State how many lines in the entries below contain "Black". Write nothing but the number.

Extracted data entries

"""

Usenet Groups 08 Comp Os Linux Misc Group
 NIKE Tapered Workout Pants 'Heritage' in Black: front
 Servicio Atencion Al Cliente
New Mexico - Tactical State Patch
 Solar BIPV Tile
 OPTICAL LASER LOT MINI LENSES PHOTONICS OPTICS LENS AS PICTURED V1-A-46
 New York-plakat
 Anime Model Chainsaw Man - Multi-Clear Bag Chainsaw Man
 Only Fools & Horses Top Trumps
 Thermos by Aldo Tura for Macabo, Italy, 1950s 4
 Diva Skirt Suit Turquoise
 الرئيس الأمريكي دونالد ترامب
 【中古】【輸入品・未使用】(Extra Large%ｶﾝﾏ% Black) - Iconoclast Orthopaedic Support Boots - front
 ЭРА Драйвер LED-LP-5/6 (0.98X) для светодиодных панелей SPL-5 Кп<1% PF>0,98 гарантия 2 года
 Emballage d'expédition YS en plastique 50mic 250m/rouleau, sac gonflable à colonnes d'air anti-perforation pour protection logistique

"""

§ **EXERCISE RESPONSE**:
2